TRIBUNNEWS.COM, JAKARTA - Polri mengembangkan dukungan udara untuk memantau kawasan pertanian yang sulit dijangkau lewat jalur darat.
Dukungan tersebut dikembangkan Direktorat Kepolisian Udara Korpolairud Baharkam Polri melalui program Aerosafer Pangan (Collaborative Air Support Model).
Program yang digagas Kasubdit Fasharkan Ditpoludara Korpolairud Baharkam Polri Kombes Heri Setianto itu memanfaatkan kemampuan pesawat udara untuk pemantauan kawasan pertanian, pengumpulan data, pemetaan wilayah, serta membantu koordinasi penanganan gangguan.
Gangguan yang dimaksud antara lain kebakaran hutan dan lahan (karhutla), bencana alam, kerusakan jaringan irigasi, hambatan distribusi, serta kondisi geografis yang sulit dijangkau melalui jalur darat.
"Aerosafer Pangan diharapkan dapat memperkuat sinergi antara Polri, kementerian dan lembaga, pemerintah daerah, kelompok tani, serta seluruh pemangku kepentingan dalam menjaga kawasan ketahanan pangan nasional," kata Heri dalam keterangannya, Jumat (21/8/2026).
Salah satu wilayah yang menjadi perhatian dalam pengembangan Aerosafer Pangan adalah Kabupaten Pulang Pisau, Kalimantan Tengah.
Wilayah tersebut memiliki kawasan pertanian yang luas, tetapi menghadapi sejumlah kendala, seperti keterbatasan akses, kondisi lahan rawa, serta ancaman kebakaran hutan dan lahan.
Baca juga: TNI Kerahkan 4.477 Personel Hingga 27 Alutsista Bantu Korban Gempa NTT
Melalui pemantauan dari udara, kondisi kawasan pertanian dapat diketahui lebih cepat dan dalam cakupan yang lebih luas.
Informasi tersebut nantinya dapat digunakan instansi terkait untuk menentukan langkah penanganan, termasuk perbaikan infrastruktur, pengamanan wilayah, maupun pemberian bantuan kepada masyarakat.
Dalam pelaksanaannya, Aerosafer Pangan menggunakan pesawat udara Polri dan AERO Support Board, yakni dashboard yang memuat informasi hasil pemantauan udara.
Data tersebut disiapkan sebagai bahan koordinasi, pelaporan, dan pengambilan keputusan oleh instansi terkait.
Heri mengatakan program ini juga mendorong penyusunan standar operasional prosedur (SOP) permintaan dukungan udara.

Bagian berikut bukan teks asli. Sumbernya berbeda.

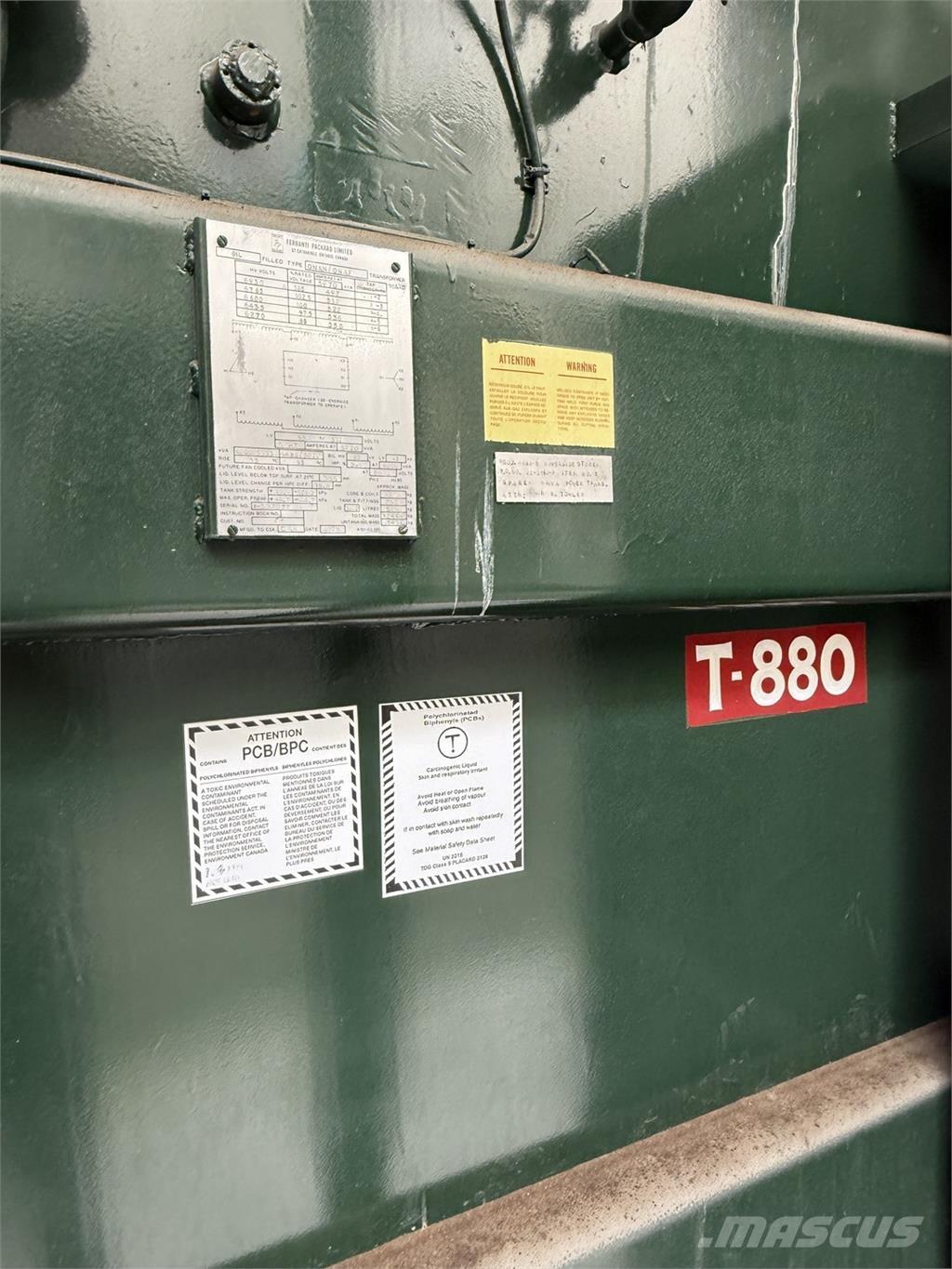  FERRANTI-PACKARD Bouw - Overige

SOP tersebut disiapkan agar pengerahan pesawat disesuaikan dengan kebutuhan dan tetap mengikuti ketentuan keselamatan penerbangan.
Ditpoludara Korpolairud akan berkoordinasi dengan Kementerian Pertanian, Kementerian Pekerjaan Umum, pemerintah daerah, AirNav Indonesia, serta unsur terkait lainnya.
Baca juga: Investigasi Insiden Karhutla di Kalimantan, Kapolri: Beberapa Nama Sudah Kita Amankan
Aerosafer Pangan belum diterapkan secara nasional. Pengembangannya dilakukan bertahap, mulai dari pembentukan tim, penyusunan profil kapabilitas, penyusunan SOP, hingga pembangunan AERO Support Board.
Tahap berikutnya meliputi uji coba di wilayah prioritas, penguatan kerja sama lintas instansi, serta kemungkinan penerapan di wilayah lain.
Dengan tahap tersebut, Aerosafer Pangan saat ini berfungsi sebagai model dukungan udara yang sedang disiapkan untuk membantu pemantauan dan penanganan persoalan di kawasan pertanian, terutama wilayah yang memiliki kendala akses melalui jalur darat.